The commander stumbled back, cradling his arm. If the man before him had been any other, he would have run him through on the spot. But a priest... Tristan l'Hermite was not so pious as to remember if killing a man of God counted as a greater sin than killing any other, but he did not want to put it to the test. Nor, at the moment, could he remember if the law required a written declaration of Parliament to condemn those under the eaves of Notre-Dame. He knew it was what the king desired, but there was no proof here to present the unyielding man of God—a man who surely knew of such matters better than he. He-wolf and villain as he had been called, Tristan l'Hermite, the king's companion, would never be accused of sacrilege. Biting down on the growl that strangled itself in his throat, he made a motion and withdrew to the executioner's side.

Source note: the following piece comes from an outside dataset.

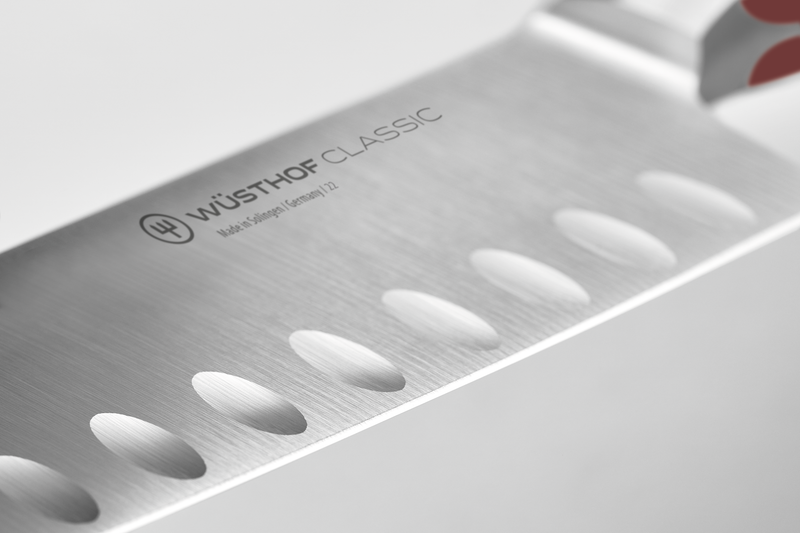 Classic 7" Hollow Edge Santoku featuring a polished German steel blade with scalloped hollow edges to prevent food from sticking during chopping.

"You will see me on the steps of Notre-Dame by nightfall, priest." He raised his unhurt hand to point to the young woman and met the archdeacon's eye. "But she must hang. You will deliver her to me yourself."

The two stared at each other, defiant.

"Be it so," Dom Claude replied at last.

The gypsy-girl shrank from the words that issued from the mouth of her once-defender. Hope drained from her fragile soul and she fell to the floor of the gibbet, as cold and motionless as one already dead.

The commander sneered and motioned for his men to mount their horses. Backing towards the ladder, he marked again the eye of the archdeacon. "This night she hangs, priest." And with a final survey of the gibbet, so suddenly robbed of its intended, Tristan l'Hermite descended the steps and returned to his company. Henriet Cousin and his assistant accompanied him, and in a moment the Place held only the echoes of the soldiers.